Belief in God

Shai Schechter • 2022

Do I believe in God?

Totally depends how we’re defining God.

A low-level definition for me would be that God is a word we can use to describe any ultimate reality or truth that can’t be comprehended by the intelligence of the human mind because it ‘exists’ beyond it (and so is reliant on faith rather than scientific evidence).

By that definition, I absolutely believe in God. (I talk more about the origins of this belief here.)

Going higher-level, we might use a definition of God being a separate entity. A model of a human-like but non-human superior being who serves as creator, judge, and so on. Let’s call this A.

This is the definition that might typically be taught in religions like Christianity and Judaism, and the one I was brought up being told was true.

I personally find more truth and value in a definition of God as something closer to the universe in itself.
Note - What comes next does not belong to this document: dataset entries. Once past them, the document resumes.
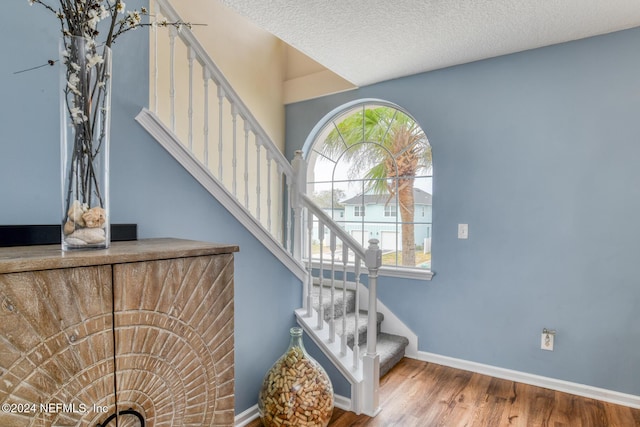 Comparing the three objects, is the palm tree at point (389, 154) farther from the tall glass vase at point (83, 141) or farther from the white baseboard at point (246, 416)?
the tall glass vase at point (83, 141)

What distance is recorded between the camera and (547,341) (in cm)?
244

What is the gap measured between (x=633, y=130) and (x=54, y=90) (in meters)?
3.13

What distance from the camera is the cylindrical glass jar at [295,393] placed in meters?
1.84

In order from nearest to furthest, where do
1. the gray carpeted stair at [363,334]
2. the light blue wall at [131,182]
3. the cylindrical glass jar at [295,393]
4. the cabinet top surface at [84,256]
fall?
the cabinet top surface at [84,256], the light blue wall at [131,182], the cylindrical glass jar at [295,393], the gray carpeted stair at [363,334]

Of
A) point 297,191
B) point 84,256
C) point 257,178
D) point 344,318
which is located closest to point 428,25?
point 297,191

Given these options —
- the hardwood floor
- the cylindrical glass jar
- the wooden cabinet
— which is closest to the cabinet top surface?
the wooden cabinet

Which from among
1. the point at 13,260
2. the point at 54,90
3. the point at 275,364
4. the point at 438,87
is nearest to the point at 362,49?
the point at 438,87

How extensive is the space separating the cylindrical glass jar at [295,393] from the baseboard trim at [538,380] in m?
1.27

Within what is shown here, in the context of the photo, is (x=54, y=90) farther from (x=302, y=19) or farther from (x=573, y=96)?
(x=573, y=96)

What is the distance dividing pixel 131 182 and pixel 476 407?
93.2 inches

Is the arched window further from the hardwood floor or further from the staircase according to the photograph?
the hardwood floor

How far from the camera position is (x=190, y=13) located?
2805 mm

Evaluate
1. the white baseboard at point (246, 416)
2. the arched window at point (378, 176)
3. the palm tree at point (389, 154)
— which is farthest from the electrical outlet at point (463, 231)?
the white baseboard at point (246, 416)

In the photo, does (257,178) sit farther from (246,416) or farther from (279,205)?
(246,416) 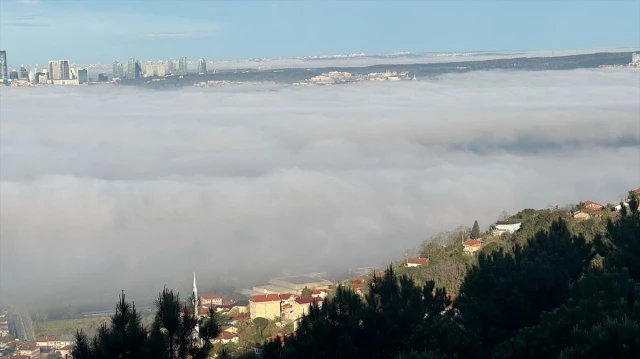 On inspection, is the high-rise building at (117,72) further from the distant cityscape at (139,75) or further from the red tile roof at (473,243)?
the red tile roof at (473,243)

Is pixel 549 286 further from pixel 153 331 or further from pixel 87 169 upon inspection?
pixel 87 169

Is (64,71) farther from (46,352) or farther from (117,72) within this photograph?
(46,352)

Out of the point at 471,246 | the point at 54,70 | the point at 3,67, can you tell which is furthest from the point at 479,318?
the point at 54,70

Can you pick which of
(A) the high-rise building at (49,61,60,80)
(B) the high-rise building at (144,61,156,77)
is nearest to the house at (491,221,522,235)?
(A) the high-rise building at (49,61,60,80)

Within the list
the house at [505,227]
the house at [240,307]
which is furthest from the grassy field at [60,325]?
the house at [505,227]

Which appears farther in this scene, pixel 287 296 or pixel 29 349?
pixel 287 296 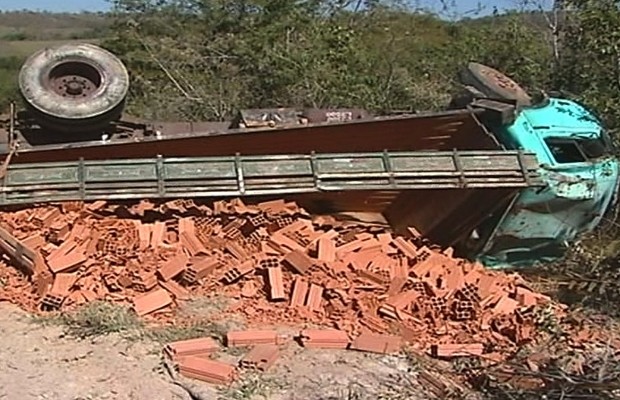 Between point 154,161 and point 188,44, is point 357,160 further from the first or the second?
point 188,44

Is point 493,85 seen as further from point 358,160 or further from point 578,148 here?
point 358,160

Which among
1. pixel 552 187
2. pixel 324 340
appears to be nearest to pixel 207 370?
pixel 324 340

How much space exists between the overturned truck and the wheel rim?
12 mm

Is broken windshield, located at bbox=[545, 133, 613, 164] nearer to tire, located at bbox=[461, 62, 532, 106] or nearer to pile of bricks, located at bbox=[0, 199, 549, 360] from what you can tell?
tire, located at bbox=[461, 62, 532, 106]

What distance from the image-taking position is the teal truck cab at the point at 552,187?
874 centimetres

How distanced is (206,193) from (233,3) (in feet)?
35.6

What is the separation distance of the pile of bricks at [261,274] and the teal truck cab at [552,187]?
71cm

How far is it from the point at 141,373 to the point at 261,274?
5.57 ft

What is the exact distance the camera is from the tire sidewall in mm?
9258

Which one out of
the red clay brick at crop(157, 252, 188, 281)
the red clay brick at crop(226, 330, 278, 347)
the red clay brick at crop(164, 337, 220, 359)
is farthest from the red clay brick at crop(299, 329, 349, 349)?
the red clay brick at crop(157, 252, 188, 281)

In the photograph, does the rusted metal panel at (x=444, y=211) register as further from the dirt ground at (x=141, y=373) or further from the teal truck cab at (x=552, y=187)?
the dirt ground at (x=141, y=373)

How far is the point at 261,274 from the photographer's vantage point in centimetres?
768

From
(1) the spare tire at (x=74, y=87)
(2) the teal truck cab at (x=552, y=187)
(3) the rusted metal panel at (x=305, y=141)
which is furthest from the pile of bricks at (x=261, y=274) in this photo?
(1) the spare tire at (x=74, y=87)

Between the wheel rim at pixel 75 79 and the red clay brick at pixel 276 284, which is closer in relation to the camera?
the red clay brick at pixel 276 284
Our felt experience of the joy of the universe when unimpeded by our mind or identification with our ego. Let’s call this B.

A and B aren’t different Gods.

Just different mental models.

And ultimately mental models is all that religions are. Entirely man-made: just models that we can use to approximate an understanding of that which is beyond the comprehension of human intelligence.

I don’t believe either of those models or definitions is more true or less true, because I don’t believe any of them is supposed to be true in itself. That’s the beauty of models. They’re all ‘wrong’, in that they’re lossy (and this will always be true, by definition, so that we can understand them with our limited intelligence). It’s simply for the individual to decide which ones are personally useful: which ones feel most true by their own internal compass.